◆ What to work on
No pictures in the copy, please: retype all the records exactly.

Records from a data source
━━━━━━━━━━━━━━━━
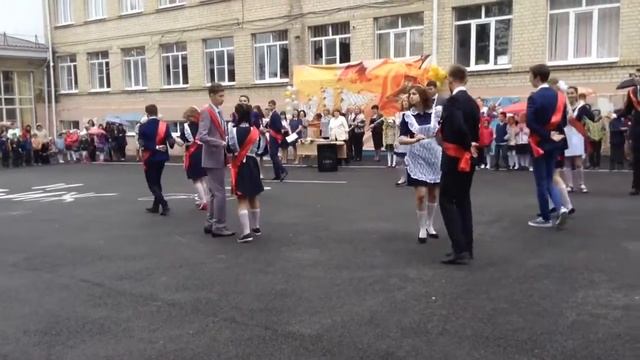 Школьный Вальс 28 школа 11 класс г. Ставрополь 2017 смотреть онлайн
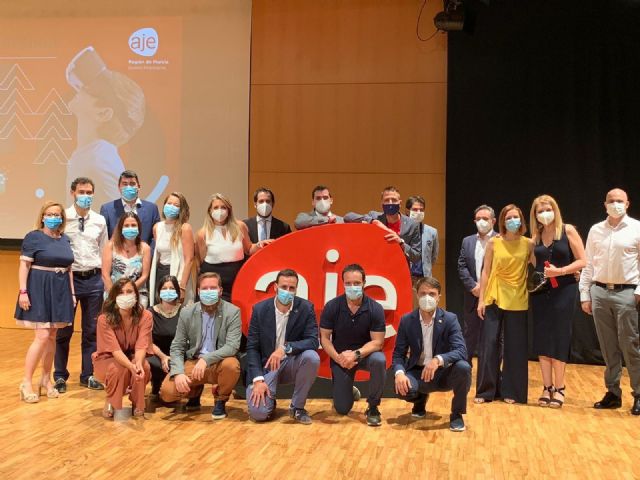 Rafael Azor, María del Mar Manzanares y Anthony Renton, finalistas del Premio Bankia Joven Empresario - 1, Foto 1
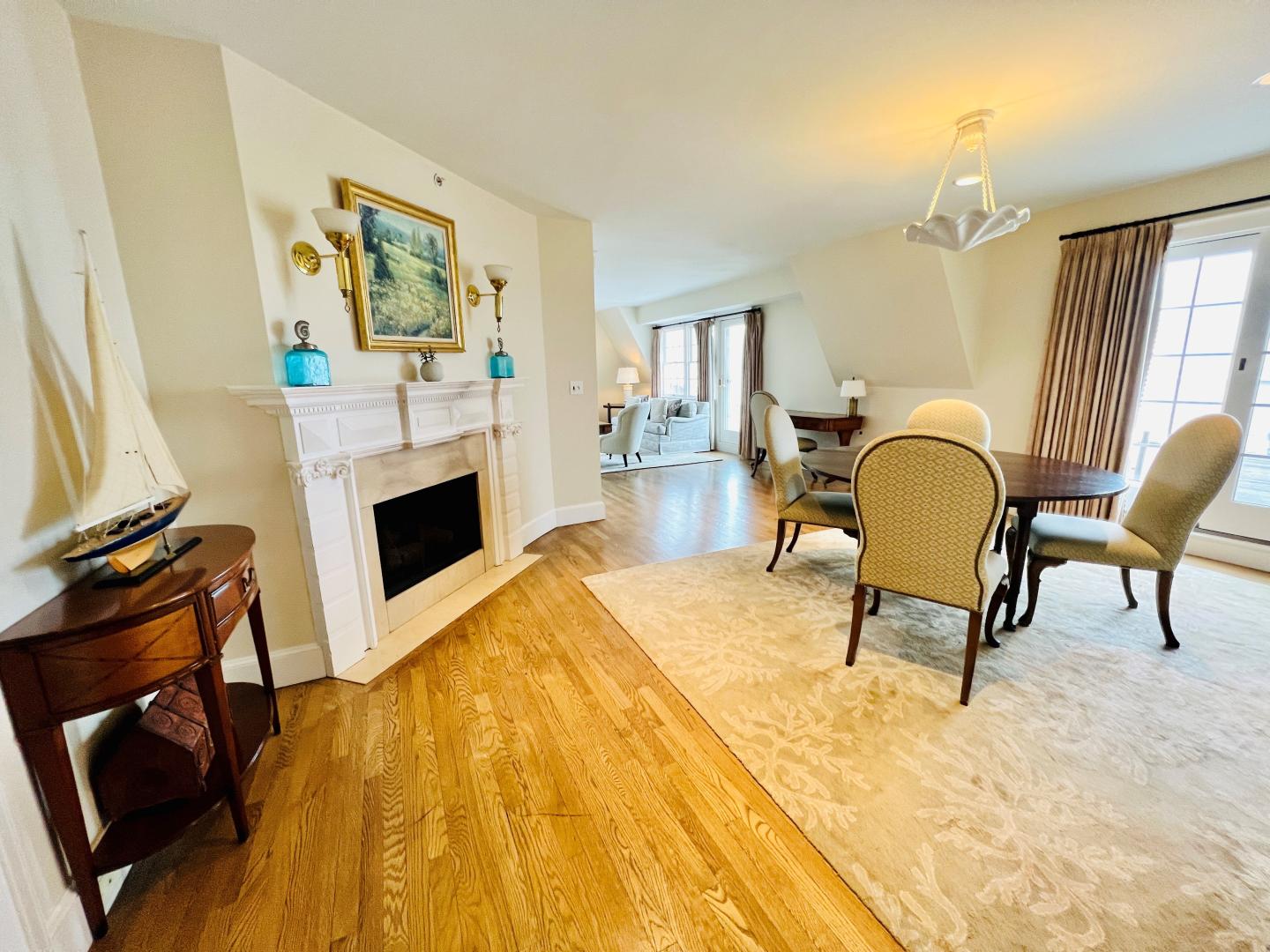 presidential suite dining room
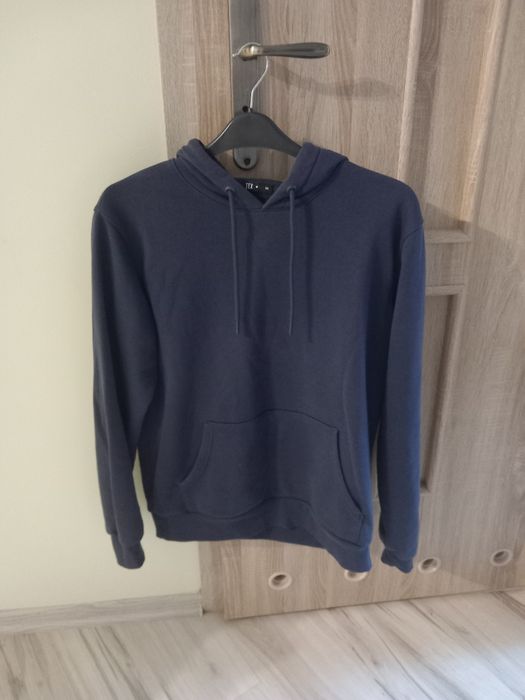 Granatowa bluza z kapturem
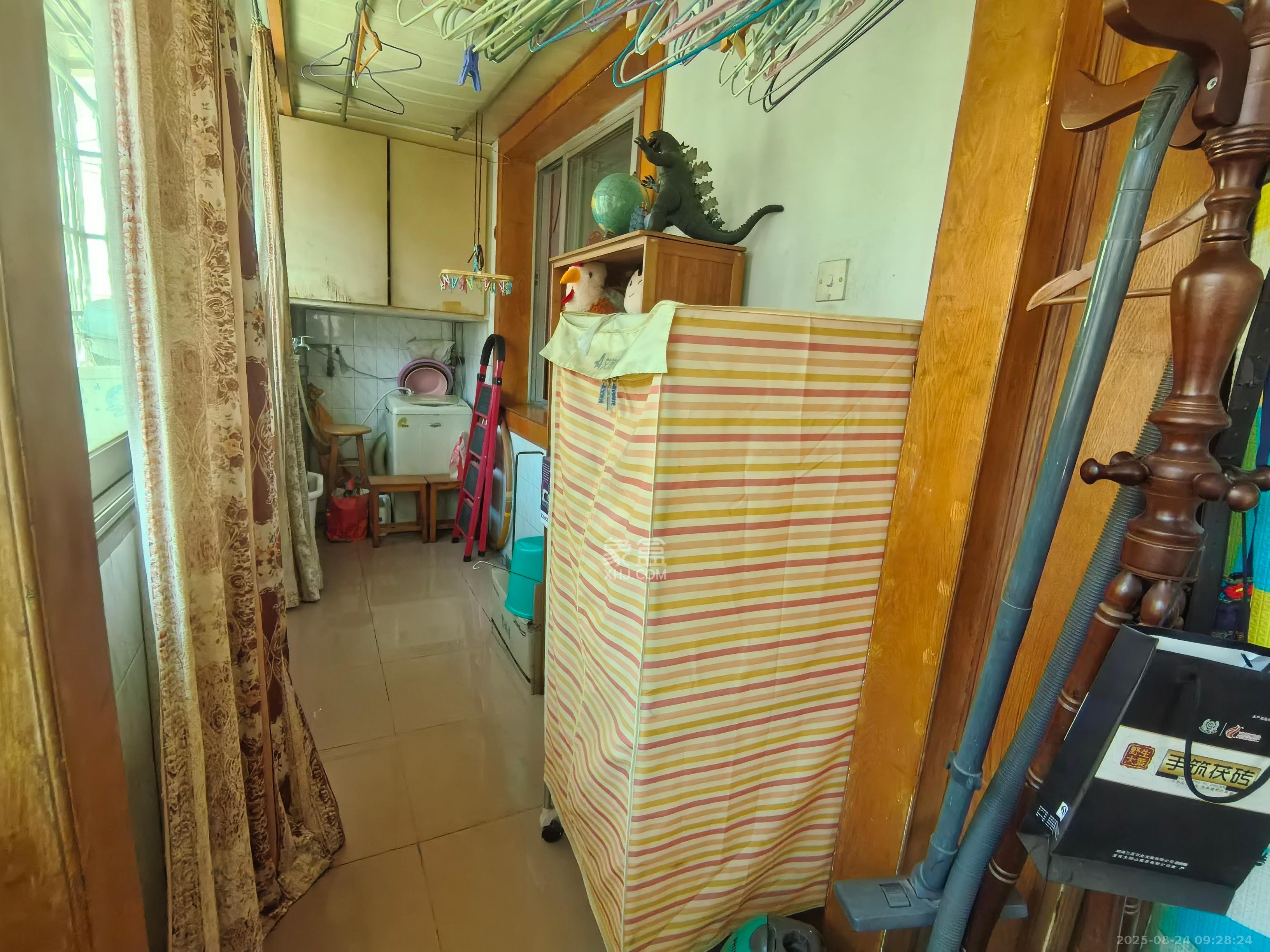 荷花园出租公司宿舍 2室2厅1卫 1800.0元/月 荷花园出租公司宿舍 2室2厅1卫 1800.0元/月室内图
━━━━━━━━━━━━━━━━
◆ Solution
 Школьный Вальс 28 школа 11 класс г. Ставрополь 2017 смотреть онлайн
 Rafael Azor, María del Mar Manzanares y Anthony Renton, finalistas del Premio Bankia Joven Empresario - 1, Foto 1
 presidential suite dining room
 Granatowa bluza z kapturem
 荷花园出租公司宿舍 2室2厅1卫 1800.0元/月 荷花园出租公司宿舍 2室2厅1卫 1800.0元/月室内图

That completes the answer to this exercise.